The High Court of Australia has now had the final say in the ongoing saga of the restaurant tenant who leased premises at Crown and was told that if it carried out high quality refurbishments of the premises, then it would be ‘looked after at renewal time’. When it came to the expiry of the term of the lease, the landlord required the tenant to vacate the premises.
In this case, the tenant made a claim based on promissory estoppel and collateral contract. Estoppel and collateral contracts are two legal doctrines that can establish enforceable rights in equity even where there is no written contract in place.
The doctrine of promissory estoppel provides that a promise is enforceable by law when a person makes a promise to another person, and that other person relies on that promise to its detriment. If a promissory estoppel is found, then that party who relied on it can enforce the promise even though the essential elements of a contract are not present. To create a promissory estoppel, there are specific elements that must be present:
- Party A made a promise significant enough to cause Party B to act on it.
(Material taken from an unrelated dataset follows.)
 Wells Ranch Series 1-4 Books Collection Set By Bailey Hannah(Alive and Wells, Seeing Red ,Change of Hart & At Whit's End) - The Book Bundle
- Party B relied upon the promise, and in so doing incurred substantial detriment.
- Party A knew that Party B was acting on the promise and did not put them straight.
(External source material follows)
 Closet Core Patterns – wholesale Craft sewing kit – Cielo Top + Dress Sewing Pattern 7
- Relief can only come in the form of Party A fulfilling the promise.
In this case, the tenant claimed that it had relied on Crown’s promise that it would be ‘looked after at renewal time’ and as a result it executed the leases and carried out the refurbishments. As such, the tenant suffered significant financial detriment when it was not offered a further term of the lease, but instead was required to vacate the premises.
In general terms, a collateral contract is a contract where the consideration is the entry into another contract, and co-exists side by side with the main contract. It is a subsidiary contract which induces a person to enter into a main contract or which depends upon the main contract for its existence.
In this case, the tenant also claimed that a statement by Crown that it would ‘look after’ the tenant regarding the renewal provided the renovations were of high quality was enforceable as a collateral contract, the consideration for which was the tenant agreeing to sign the lease.
High Court decision
In the end, this case turned on its facts – the majority of the High Court of Australia (Chief Justice French, Justice Keifel, Justice Bell, Justice Keane and Justice Nettle) found in Crown’s favour, that there is no promissory estoppel and no collateral contract.
In relation to claim for promissory estoppel, the majority found that no reasonable person would have relied on Crown’s ‘promise’ that it would be ‘looked after at renewal time’ to establish an enforceable right to be offered a further lease. Attention was also given to whether the assumption was in fact acted upon by the tenant. The tenant submitted that it assumed there would be a renewal of the lease on the same terms and conditions as the 2005 lease, which is what lead it to hand over the executed leases. However no evidence for this was produced at trial and it was held that the tenant had not shown that the assumption was acted upon.
Further, the majority found that Crown’s promise to the tenant that it would be ‘looked after at renewal time’ was not sufficiently detailed and certain to constitute a collateral contract. It was held that there was a lack of terms, as opposed to uncertainty of terms, to create a collateral contract and Crown’s statement ‘did not have the quality of a contractual promise of any kind’.
This is a timely reminder for tenants and any parties entering into contractual arrangements – make sure all of the representations made to you, as well as your rights and expectations are sufficiently detailed in the contract. This case is a very practical example that it can be very risky to rely on promises, representations or statements made outside of the contract, which may be held to be unenforceable at law.